INPUT RECORDS below:

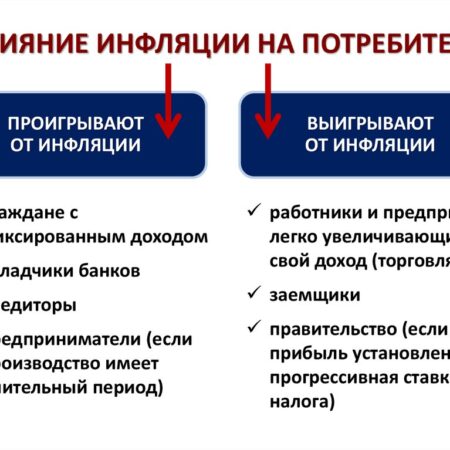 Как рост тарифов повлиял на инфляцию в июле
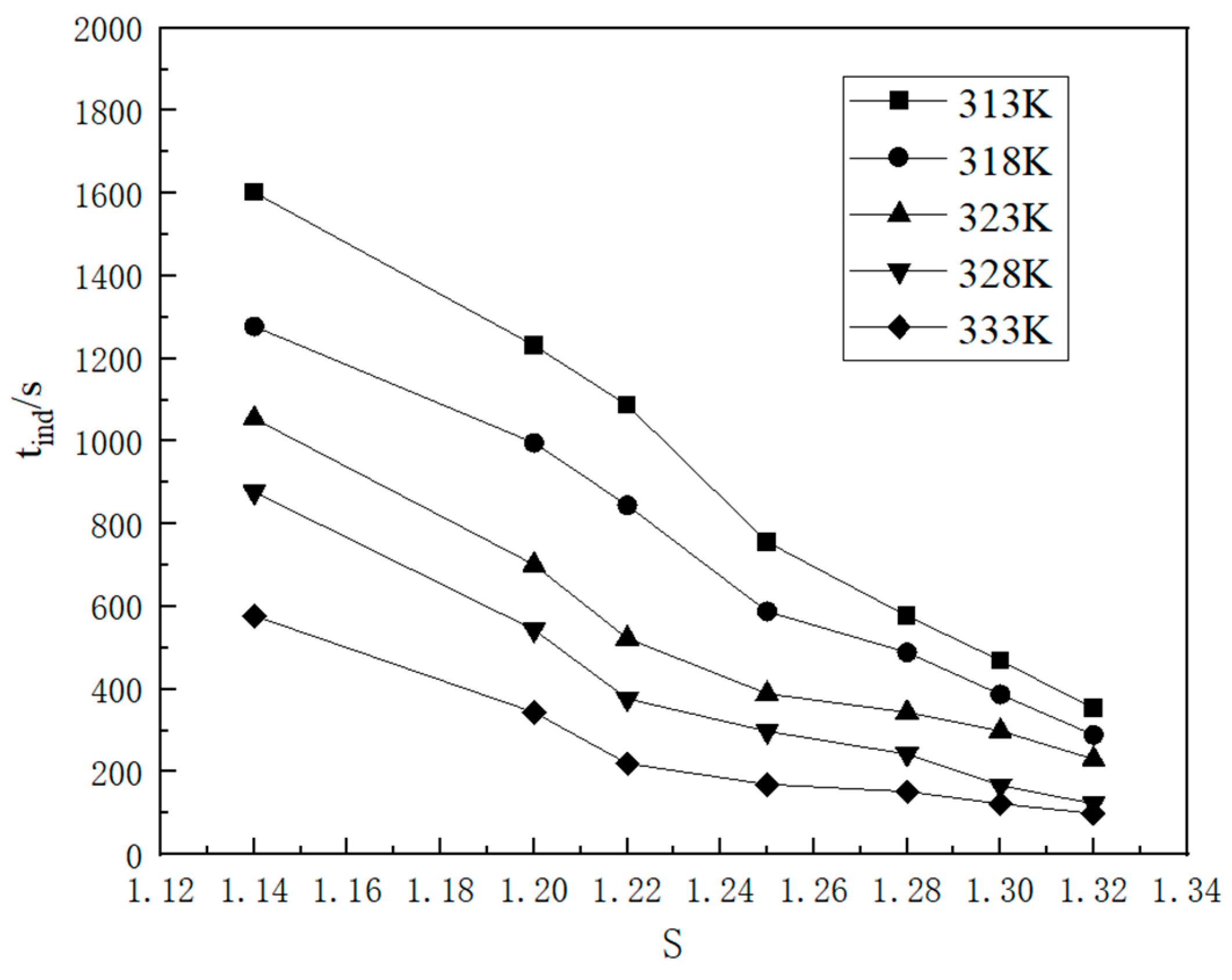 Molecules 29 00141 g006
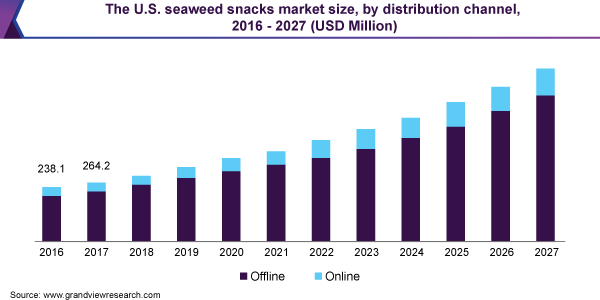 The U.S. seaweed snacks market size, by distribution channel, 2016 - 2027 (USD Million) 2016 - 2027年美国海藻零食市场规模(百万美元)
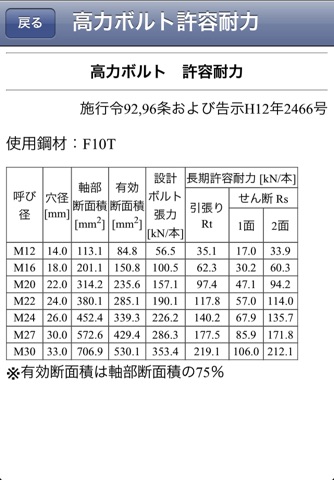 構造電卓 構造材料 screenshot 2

End of INPUT RECORDS.
INPUT RECORDS below:

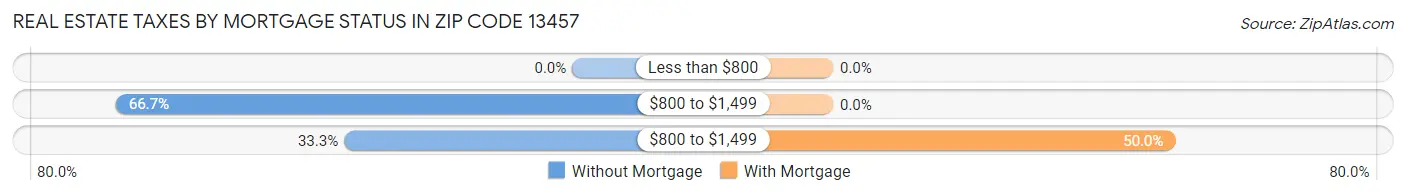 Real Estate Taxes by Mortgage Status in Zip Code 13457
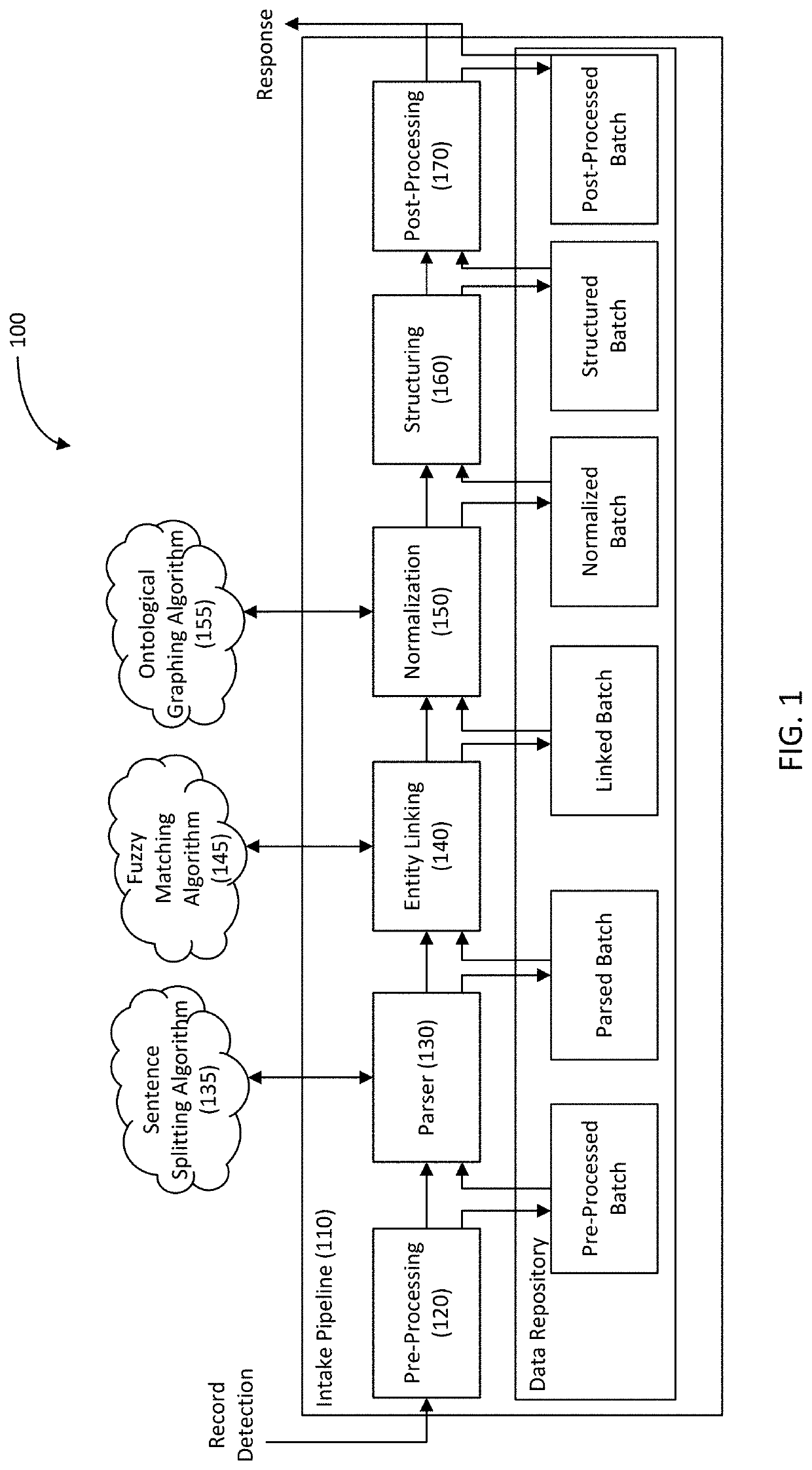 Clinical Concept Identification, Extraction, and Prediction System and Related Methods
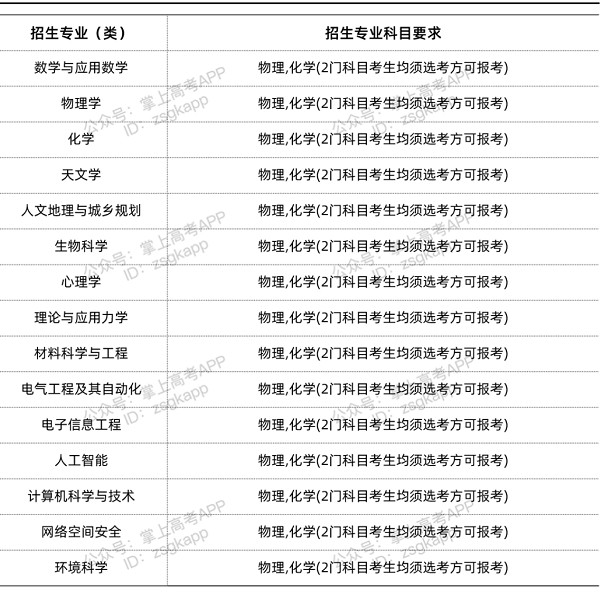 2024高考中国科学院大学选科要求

End of INPUT RECORDS.

> _WORK ORDER_:
Only one stretch of the listing above is to be duplicated: the lines from the one containing "Clinical Concept Identification, Extraction, and" through the one containing "2024高考中国科学院大学选科要求", both included. Copy them exactly, minus the pictures.

> _TASK RESPONSE_:
 Clinical Concept Identification, Extraction, and Prediction System and Related Methods
 2024高考中国科学院大学选科要求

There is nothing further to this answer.